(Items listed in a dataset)
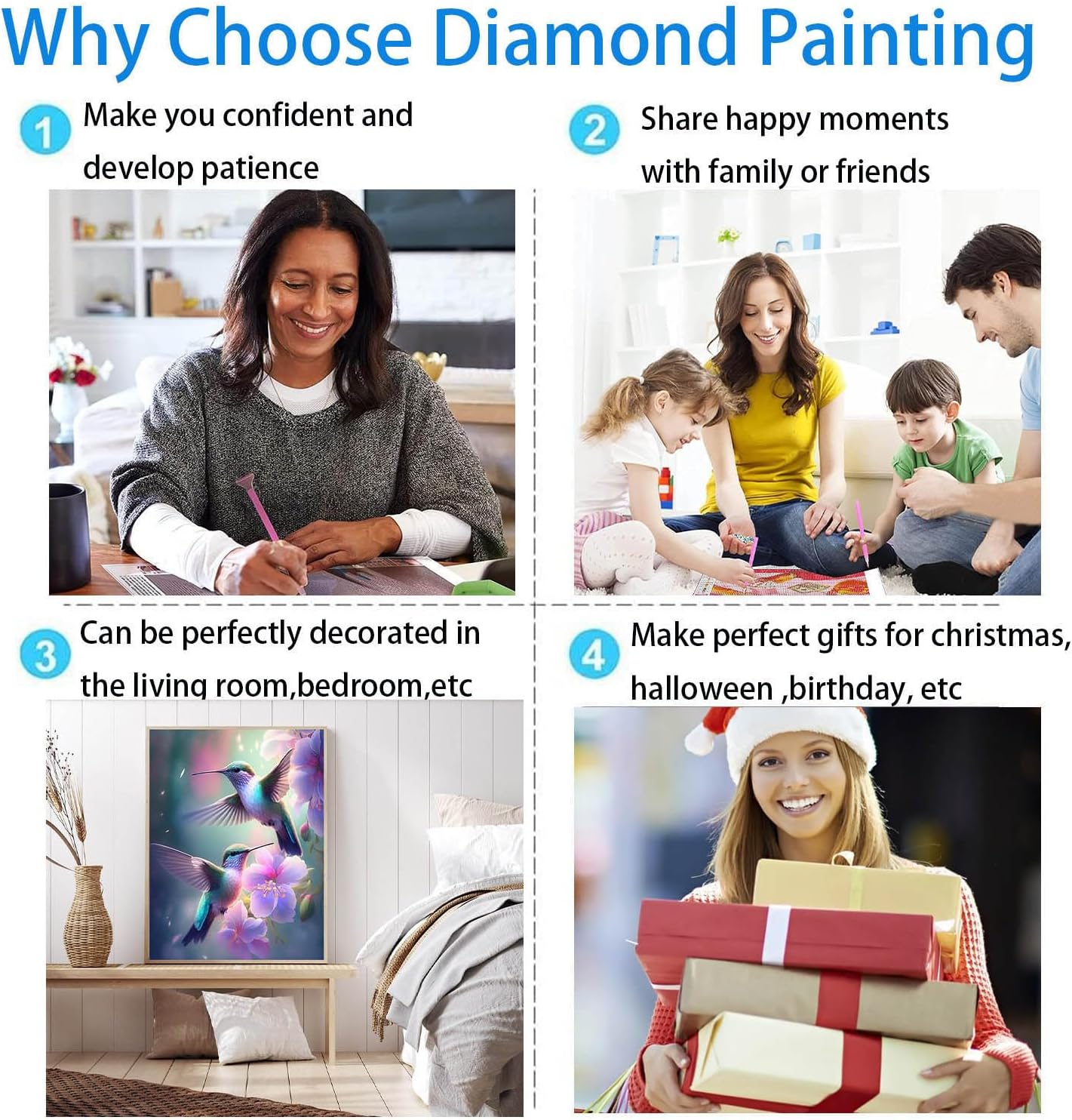 Hummingbird Diamond Art Kits for Adults, Birds Round Full Drill Diamond Painting Kits for Beginners Gem Art Painting Kits, DIY 5D Diamond Dots Painting with Diamond Arts and Crafts Decor 12x16inch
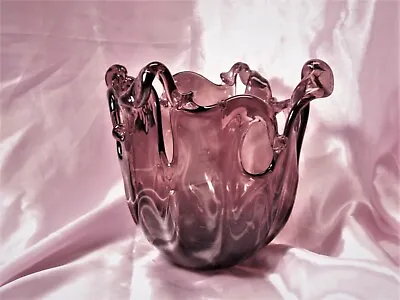 Murano Hand Worked Purple Glass Bowl • $20.99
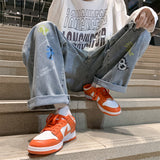 Advbridge Oversize graffiti jeans women's high street fashion ins loose Korean BF style student straight pants summer Autumn plus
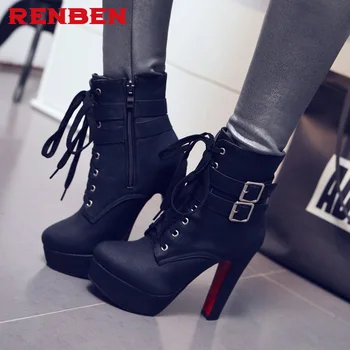 

Plus Size Ankle Boots For Women Platform High Heels Female Lace Up Shoes Woman Buckle Short Boot Casual Ladies Footwear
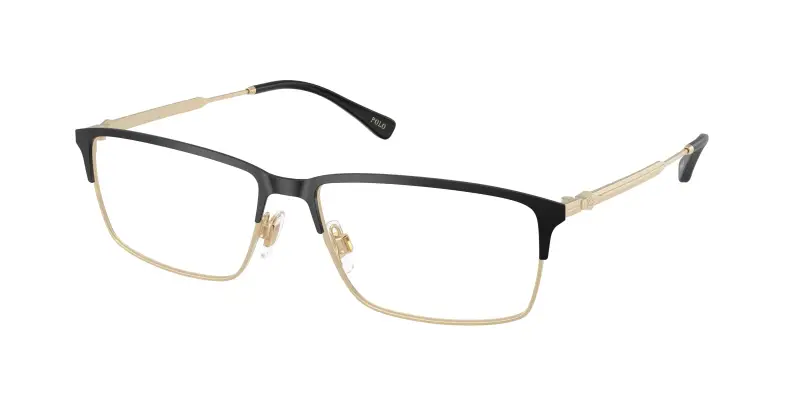 Uomo Polo Ralph Lauren PH1245 9304 Montature da vista Metallo Nero Trasparente Pillow Normale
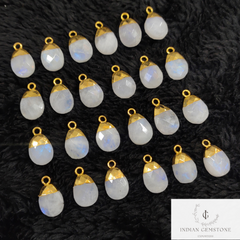 100% Genuine Rainbow Moonstone Connectors, Faceted Electroplated Connectors, Healing Charms, Gold Plated Connectors, DIY Pendant Connectors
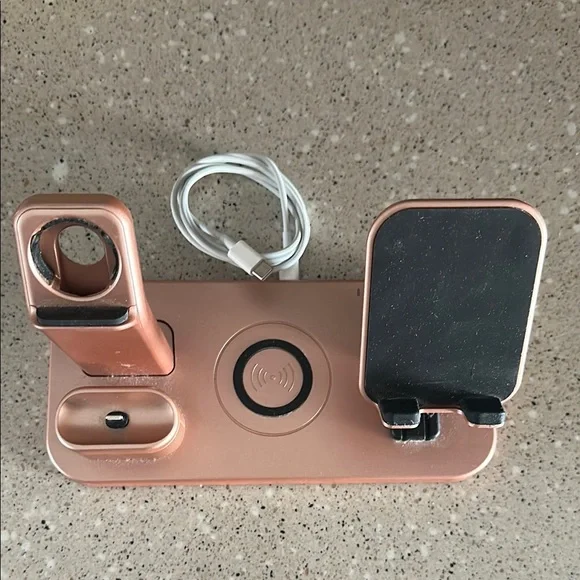 3-in-1 Rose Gold Charging Station for Apple Devices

* **Task description**
Exact repetition of each line above is expected; images are to be omitted.

* **Solution to the exercise**
 Hummingbird Diamond Art Kits for Adults, Birds Round Full Drill Diamond Painting Kits for Beginners Gem Art Painting Kits, DIY 5D Diamond Dots Painting with Diamond Arts and Crafts Decor 12x16inch
 Murano Hand Worked Purple Glass Bowl • $20.99
 Advbridge Oversize graffiti jeans women's high street fashion ins loose Korean BF style student straight pants summer Autumn plus

Plus Size Ankle Boots For Women Platform High Heels Female Lace Up Shoes Woman Buckle Short Boot Casual Ladies Footwear
 Uomo Polo Ralph Lauren PH1245 9304 Montature da vista Metallo Nero Trasparente Pillow Normale
 100% Genuine Rainbow Moonstone Connectors, Faceted Electroplated Connectors, Healing Charms, Gold Plated Connectors, DIY Pendant Connectors
 3-in-1 Rose Gold Charging Station for Apple Devices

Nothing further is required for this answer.